When I look back on the years I've spent in Calcutta - and I come back so
many times each year that I often feel I've never been away - I don't
remember the things that people remember about cities. When I think of
London, I think of the vast open spaces of Hyde Park. When I think of New
York, I think of the frenzy of Times Square. When I think of Tokyo, I think
of the bright lights of Shinjiku. And when I think of Paris, I think of the
Champs Elysee. But when I think of Calcutta, I never think of any one place.

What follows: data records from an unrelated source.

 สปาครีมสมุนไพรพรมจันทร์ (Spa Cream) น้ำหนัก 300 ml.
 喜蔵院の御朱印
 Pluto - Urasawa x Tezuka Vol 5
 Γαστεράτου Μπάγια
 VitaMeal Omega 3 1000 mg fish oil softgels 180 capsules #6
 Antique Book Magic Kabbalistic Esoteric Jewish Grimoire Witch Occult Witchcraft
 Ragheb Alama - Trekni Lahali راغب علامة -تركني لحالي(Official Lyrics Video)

I don't focus on the greenery of the maidan, the beauty of the Victoria
Memorial, the bustle of Burra Bazar or the splendour of the new Howrah
'Bridge'. I think of people. Because, finally, a city is more than bricks
and mortars, street lights and tarred roads. A city is the sum of its
people. And who can ever forget -or replicate - the people of Calcutta?

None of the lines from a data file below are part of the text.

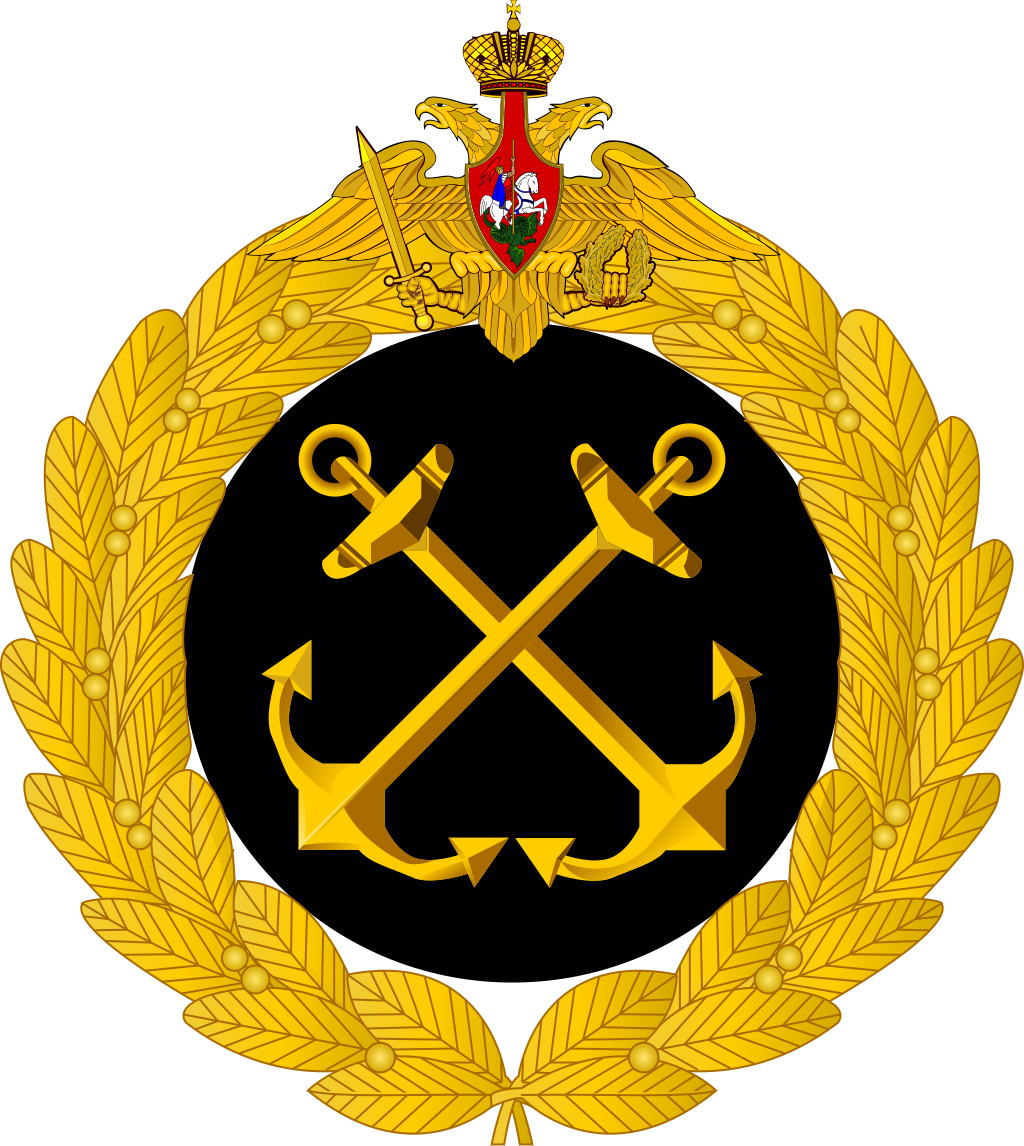 ВМФ РФ - наш клиент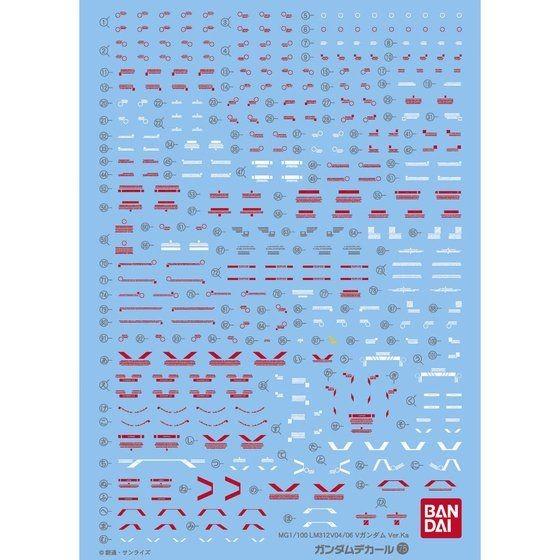 Gundam Decal 75 - MG V Gundam Ver.ka - Gundam Extra - Your BEST Gunpla Supplier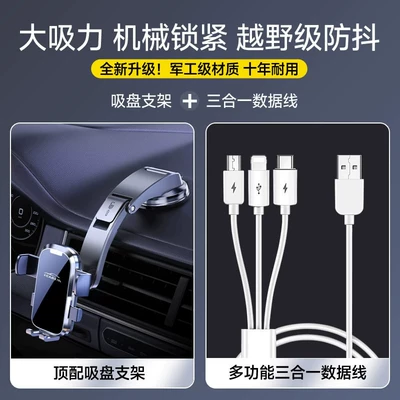 Car phone holder Phone Holder with Suction Cup - suction-cup-bracket-data-cable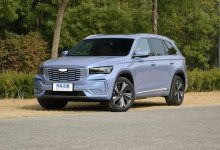 四季度上市 吉利星越L Hi·P正式亮相-深圳汽车网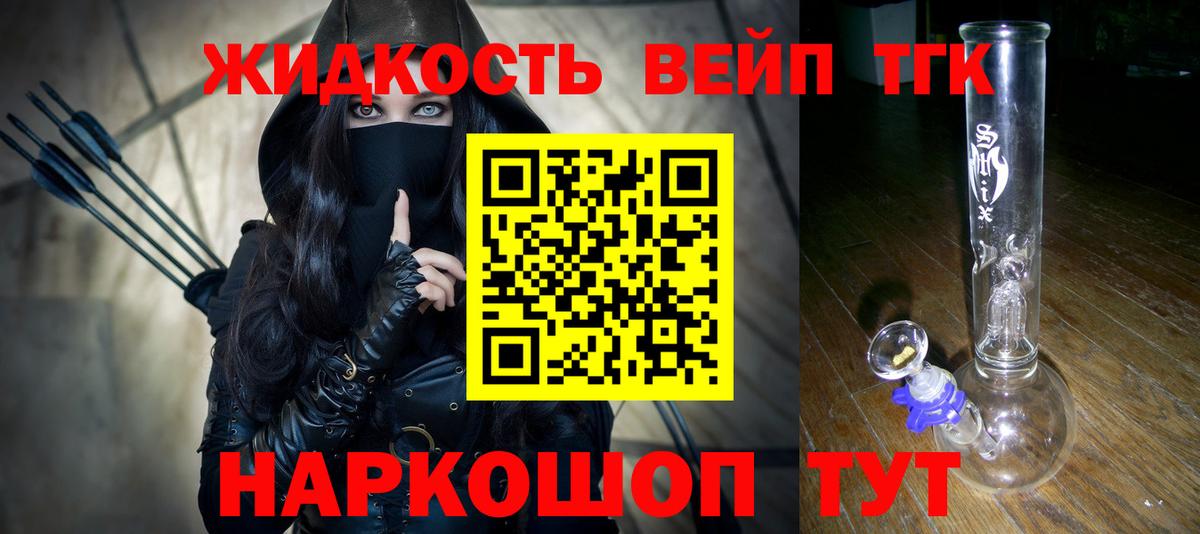 Дистиллят ТГК концентрат Камышлов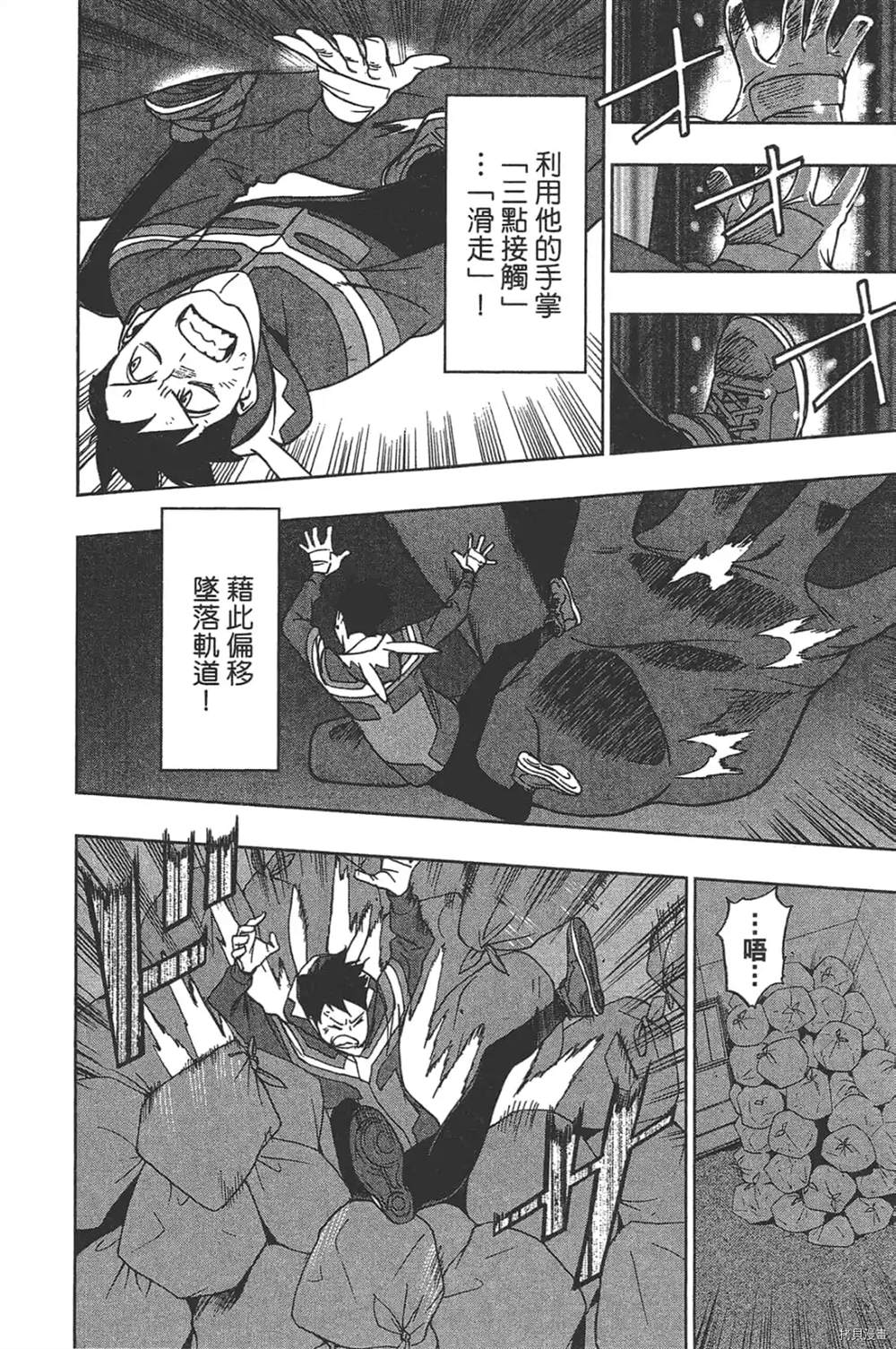 第94页
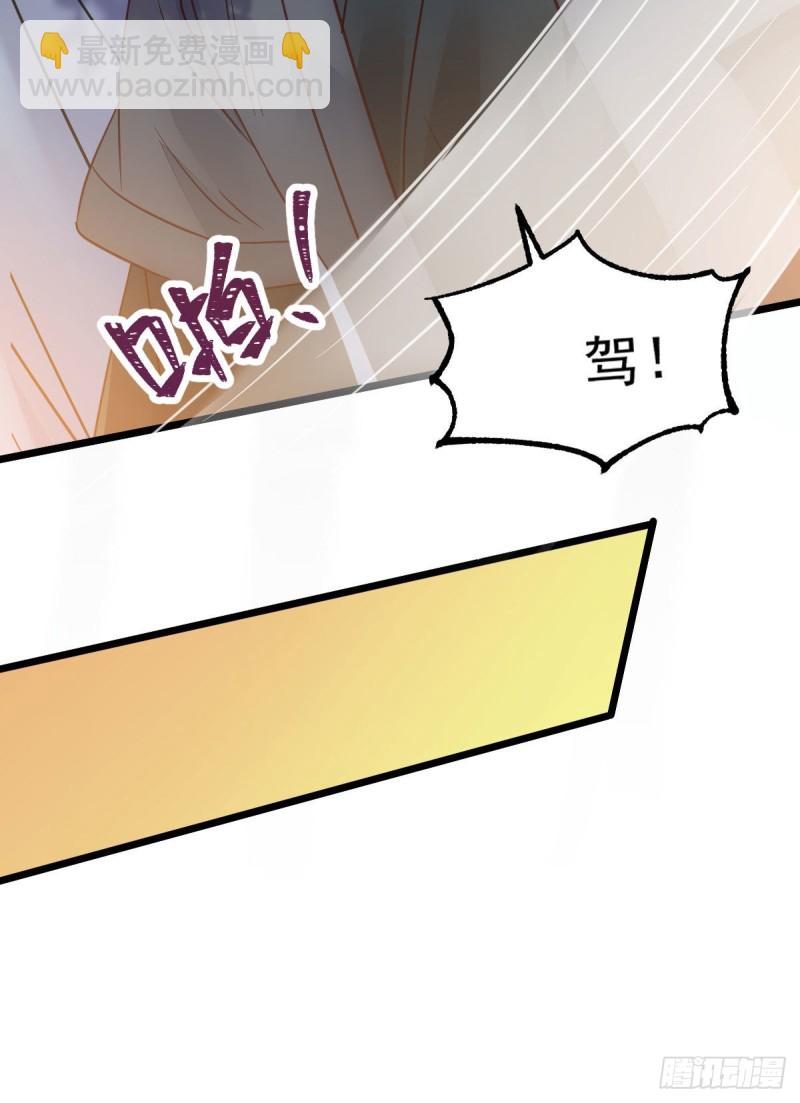 鬼醫鳳九 - 寧琅想逃跑(1/2) - 3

When I first came to live here, I was told that the city would grow on me.
What nobody told me was that the city would change my life. It was in
Calcutta that I learnt about true warmth; about simple human decency; about
love and friendship; about emotions and caring; about truth and honesty. I
learnt other things too. Coming from Bombay as I did, it was a revelation to
live in a city where people judged each other on the things that really
mattered; where they recognized that being rich did not make you a better
person - in fact, it might have the opposite effect. I learnt also that if
life is about more than just money, it is about the things that other cities
ignore; about culture, about ideas, about art, and about passion. In Bombay,
a man with a relatively low income will salt some of it away for the day
when he gets a stock market tip. In Calcutta, a man with exactly the same
income will not know the difference between a debenture and a dividend. But
he will spend his money on the things that matter. Each morning, he will
read at least two newspapers and develop sharply etched views on the state
of the world. Each evening, there will be fresh (ideally, fresh-water or
river) fish on his table. His children will be encouraged to learn to dance
or sing. His family will appreciate the power of poetry. And for him,
religion and culture will be in inextricably bound together.

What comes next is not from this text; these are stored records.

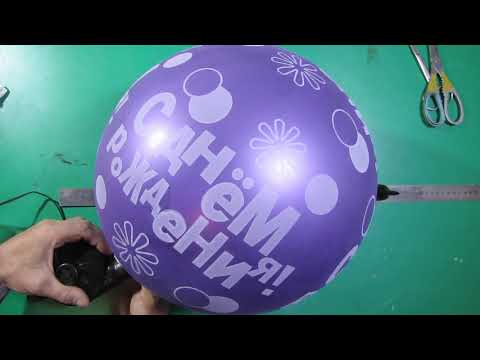 Видео: электрический насос на 12 вольт для надувания праздничных шаров для оформления праздника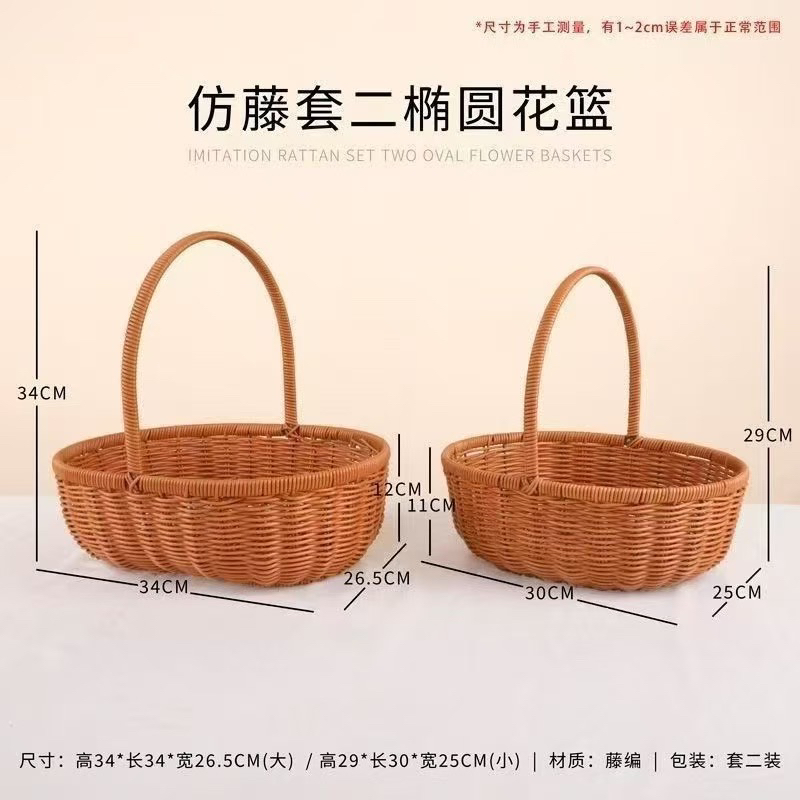 水果店花篮手提（直接进来选多款式）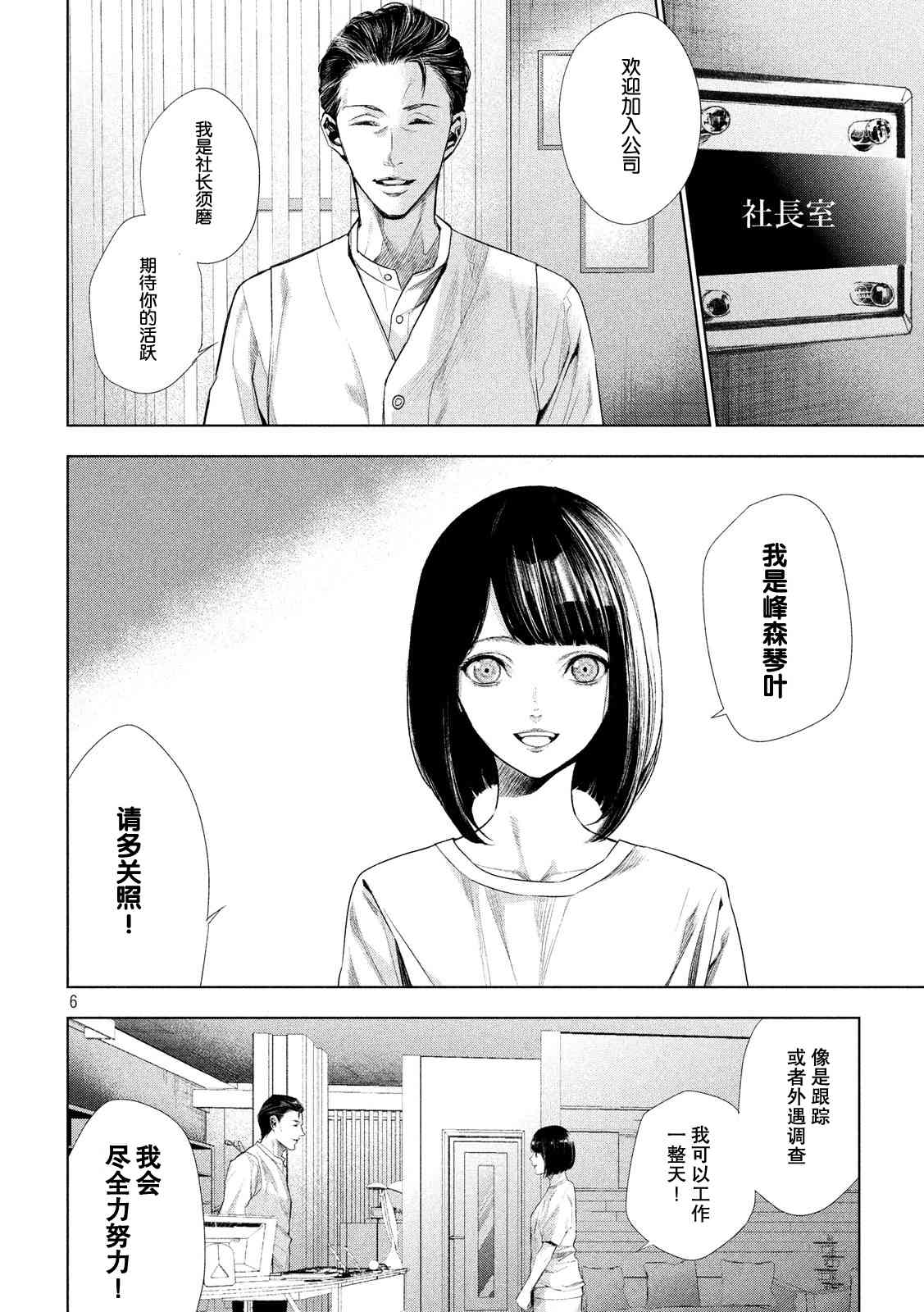 侦探的侦探 1话 第5页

Ah religion! Tell outsiders about the importance of Puja in Calcutta and
they'll scoff. Don't be silly, they'll say. Puja is a religious festival.
And Bengal has voted for the CPM since 1977. How can godless Bengal be so
hung up on a religions festival? I never know how to explain them that to a
Bengali, religion consists of much more than shouting Jai Shri Ram or
pulling down somebody's mosque. It has little to do with meaningless ritual
orsinister political activity.The essence of Puja is that all the passions
of Bengal converge: emotion, culture, the love of life, the warmth of being
together, the joy of celebration, the pride inartistic ex-pression and yes,
the cult of the goddess.
It may be about religion. But is about much more than just worship. In which
other part of India would small, not particularly well-off localities, vie
with each other to produce the best pandals? Where else could puja pandals
go beyond religion to draw inspiration from everything else? In the years I
lived in Calcutta, the pandals featured Amitabh Bachchan, Princes Diana and
even Saddam Hussain! Where else would children cry with the sheer emotional
power of Dashimi, upset that the Goddess had left their homes? Where else
would the whole city gooseflesh when the dhakis first begin to beat their
drums? Which other Indian festival - in any part of the country - is so much
about food, about going from one roadside stall to another, following your
nose as it trails the smells of cooking?
To understand Puja, you must understand Calcutta. And to understand Calcutta
, you must understand the Bengali. It's not easy. Certainly, you can't do it
till you come and live here, till you let Calcutta suffuse your being,
invade your bloodstream and steal your soul. But once you have, you'll love
Calcutta forever. Wherever you go,a bit of Calcutta will go with you. I
know, because it's happened to me. And every Puja, I am overcome by the
magic of Bengal. It's a feeling that'll never go away.